Yeni partilerin özgün bir siyasi çizgiyi bulması hesaplaşmadan geçer. Bu hesaplaşma çok yönlü ve seçmene yeni ümitler verecek kıvamda yapılmak durumunda. GP ve DEVA'nın zorlandığı şey, ayrıldıkları AK Parti'yi ve lideri Erdoğan'ı eleştirebilme ya da parti kurabilme cesareti gösterme konuları değil. Bu noktayı çoktan geçtiler, asıl sıkıntıları başka bir yerde. Ne kadar farkındalar bilmiyorum ancak çerçevesini CHP ve HDP'nin kurduğu muhalif bir söylemin hegemonyası altında eziliyorlar. Onların ürettiği ikiliklere kendilerini sıkıştırmaları. GP ve DEVA'nın iktidar eleştirisinde kullandıkları kavram seti daha önce sürülmüş bir tarlanın tekrarı: tek adamlık, nepotizm, liyakat sorunu, adaletin olmayışı, yolsuzluk, yoksulluk, uluslararası itibar kaybı ve korku siyaseti gibi. Önerileri CHP ve HDP ikilisine çok benzer: kapsayıcı dil, uluslararası normları uygulayarak bir çırpıda özgürlüğü ve demokrasiyi getirme ve dış finans çevreleriyle hızlıca uyuma girerek ekonomiyi toparlama. Yeni partilerin CHP-HDP siyasetine bağımlılığını eksik hesaplaşma ve özeleştiri dayatması altında olmalarına bağlıyorum.
Eksik Hesaplaşma
Yeni partilerin söylem ve önerilerinin en sorunlu yanı bir dönem içinde oldukları AK Parti'nin on sekiz yıldaki başarısını eksik ve yanlış tanımlamaları. Nirengi noktasını, yani mücadele perspektifini es geçmeleri. AK Parti "muhafazakâr demokrat" olarak çıktığı yolda seçenekleri tecrübe ederek yerli-milli duruşunu pekiştirdi. Yeni partiler ise AK Parti tecrübesini işlerine ve şahıslarına gelen kısmından tutarak muhafazakâr seçmene ulaşabileceklerini düşünüyorlar. AK Partiyi hikayesi bitmekle eleştiriyorlar. Ancak kendi siyasetlerine kimliksel bir adlandırma yapmayı da seçmediler. Şahıslarının ve muğlak kimliklerinin çekici olacağını düşünüyor olabilirler. Şimdilik sonucu CHP-HDP söylemini bir kez daha üretmek. AK Parti birçok şeyle hem söylemde hem de pratikte hesaplaşarak iktidar ve muktedir oldu.
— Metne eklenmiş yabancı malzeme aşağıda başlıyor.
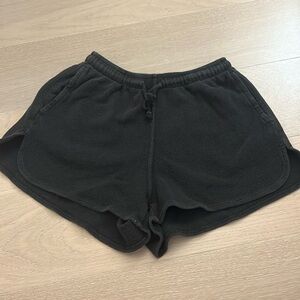 Brandy Melville shorts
Dar ideolojik kalıpları olan İslamcılık türüyle, Kemalizmin laikçi vesayetiyle ve uluslararası sistemde Türkiye'ye biçilen muvafık rolle yüzleşti. Yeni partiler ise CHP'nin başörtüsü ve imam hatip karşıtlığını söylemde terk etmesini "dönüşüm" diye pek çabuk satın alıyorlar. Terörle arasına mesafe koyamayan HDP'ye dil ucuyla dokundurmaya bile çekiniyorlar. Yani hesaplaşmanın muhalefet kanadı ise hiç yok. Bunu engelleyen de "daha çok özeleştiri yap" baskısı altında olmaları.
"Özeleştiri Yap" Baskısı
Keskin Erdoğan karşıtlığı ile malul muhalif çevreler, yeni partilerin Erdoğan'ı "tek adamlıkla" eleştirmesini yeterli bulmuyorlar. Davutoğlu ve Babacan'ın 2013-2016 arası hükümette yaptıklarından dolayı biteviye özeleştiri yapmasını istiyorlar. CHP ve HDP'nin ürettiği muhalif dile defalarca bağlılık yemini ettirmek istercesine... Yeni partileri bu baskı altına sokan gönüllü bir naiflikleri var. Siyaseti sadece müzakere ve oydaşma üzerinden okuyan aşırı liberal reflekslere sahipler. Bu da onları yeni Kemalist ve Kürt milliyetçisi dile karşı kırılgan konuma sokuyor. Sanki hiç iktidarda olmamış ve bu grupların çıkardıkları sorunlar ile mücadele etmemiş gibiler. Bu titrek ve kaygılı duruş "parmak şıklatarak" çözüm bulacak özgüven ile de hiç uyuşmuyor. Ne özgünlük ne de çoğunluk getirir. Sadece daha sonra CHP tarafından kullanılacak anlık ilgiyi çekebilir. Yeni partiler en kolay kısım olan Erdoğan'ı eleştirerek kendilerini ayrıştırmakla meşguller. Halbuki çoklu bir hesaplaşma yapmadan üçüncü bir yol çizemezler. Hem İktidarı hem de Millet İttifakını etkileyerek dönüştürmeyi seçmezlerse Kılıçdaroğlu'nun taşlarını döşediği yoldan gider ve "Millet ittifakını genişletme" projesinin en küçük parçaları haline gelirler. Kılıçdaroğlu'nun siyasetini küçümsemenin bir alemi yok. Bildik kurnaz taktiklerle yeni partilerin alanını daraltıyor. Onları Millet ittifakı etrafında konumlandırmaya iterek her iki ittifaka da alternatif olma imkanlarını sınırlandırıyor. Bakalım yeni partiler bütün bu zorlukları aşarak özgün bir siyasi çizgi oluşturabilecekler mi?
[Sabah, 30 Mayıs 2020].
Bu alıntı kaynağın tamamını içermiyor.